Please just use SmallVector instead of std::stack.

bolshakov-a added inline comments.Apr 28 2023, 12:52 PM
clang/lib/AST/MicrosoftMangle.cpp
1250

I agree. Don't know why clang-format does so. Should I put clang-format off here?

efriedma added inline comments.Apr 28 2023, 12:58 PM
clang/lib/AST/MicrosoftMangle.cpp
1250

If clang-format won't cooperate, you can probably make it figure out what you're doing with something like

if (const auto *ID = dyn_cast<IndirectFieldDecl>(ND)) {
  for (unsigned I = 1, IE = ID->getChainingSize(); I < IE; ++I)
    mangleSourceName("<unnamed-tag>");
}
bolshakov-a added inline comments.Apr 28 2023, 1:03 PM
clang/lib/AST/MicrosoftMangle.cpp
1250

It doesn't help. Moreover, clang-format corrupts formatting in this function even without my changes. You can check it by yourself.

efriedma added inline comments.Apr 28 2023, 1:16 PM
clang/lib/AST/MicrosoftMangle.cpp
1250

I just tried "clang-format -i" on the file with your patch, and it seems to compute the correct indentation here. This with a source tree and clang-format binary from feb 28 because that's what I had handy... but I don't think anything relevant has changed here?

bolshakov-a added inline comments.Apr 28 2023, 2:09 PM
clang/lib/AST/MicrosoftMangle.cpp
1250

Running clang-format on the whole file really seems to produce correct formatting... But it is a lot of unrelated changes. Running clang-format only on the mangleNestedName function (--lines=1185:1287 without my changes, --lines=1242:1349 with my changes) produces bad formatting.

1816

std::stack can be parameterized with container type (std::stack<char, SmallVector<char, 2>>). Or it should not be used for some other reason?

bolshakov-a added inline comments.Apr 28 2023, 2:17 PM
clang/lib/AST/MicrosoftMangle.cpp
1250

I could make a separate PR with formatting this file and fix this PR after landing that one.
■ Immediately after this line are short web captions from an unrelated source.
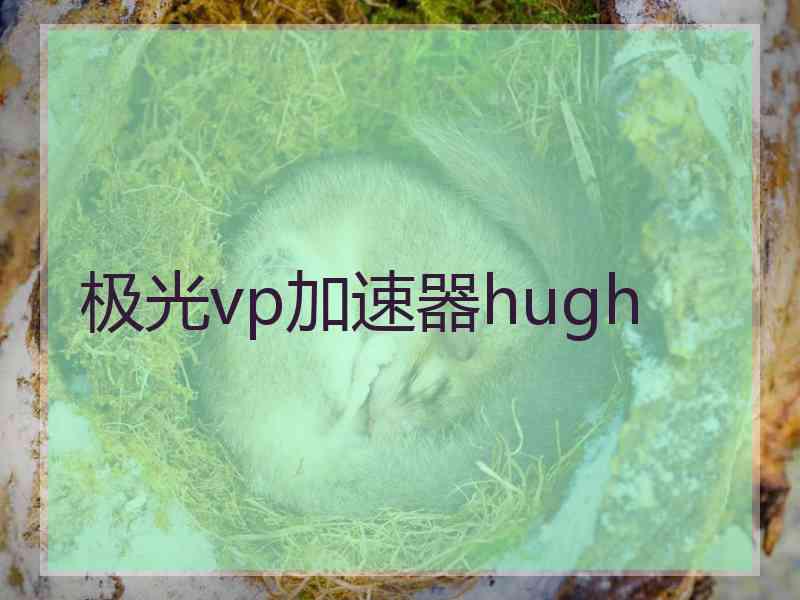 极光vp加速器hugh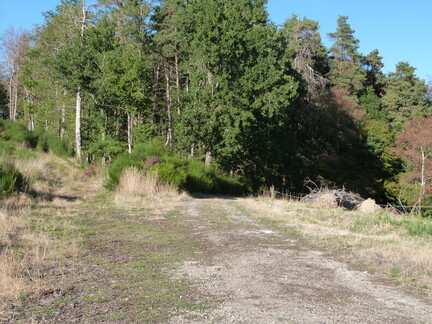 P1150389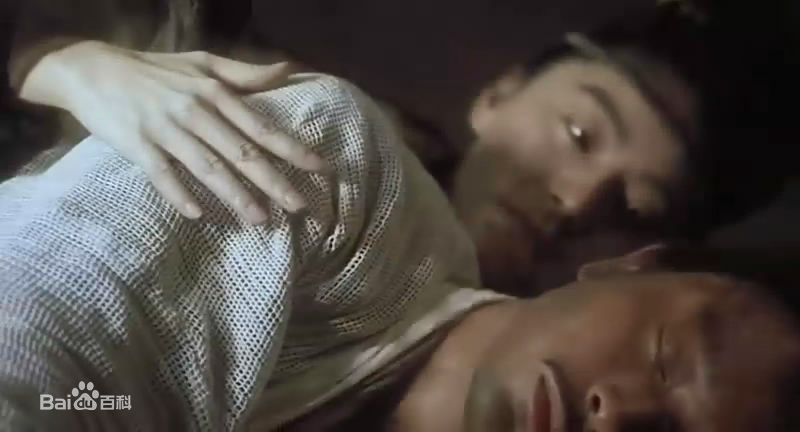 最新林青霞(Brigitte Lin)在1994年《东邪西毒》饰演独孤求败中的壁纸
efriedma added inline comments.Apr 28 2023, 2:26 PM
clang/lib/AST/MicrosoftMangle.cpp
1250

If clang-format --lines is broken, just fix the formatting by hand (and file a bug against clang-format).

1816

Using std::stack as a wrapper around SmallVector is sort of pointless; you can just explicitly push_back/pop_back.

SmallVector instead of std::stack; fixing formatting.

bolshakov-a added inline comments.Apr 30 2023, 6:36 AM
clang/lib/AST/MicrosoftMangle.cpp
1250

Manual formatting without clang-format off doesn't pass pre-merge checks, of course. But, probably, it is not very important for landing?

I've played for a while with clang-format. clang-format --lines just reproduces indentation from previous block of code (switch in mangleUnqualifiedName in this case). I'm not sure whether it is a bug or a feature.

efriedma accepted this revision.May 1 2023, 12:44 PM

LGTM

(Do you have commit access? If not, please specify the name/email you want for the "author" field.)

This revision is now accepted and ready to land.May 1 2023, 12:44 PM

No, I don't have commit access. You could use just Bolshakov <bolsh.andrey@yandex.ru>

This revision was landed with ongoing or failed builds.May 3 2023, 6:20 PM
This revision was automatically updated to reflect the committed changes.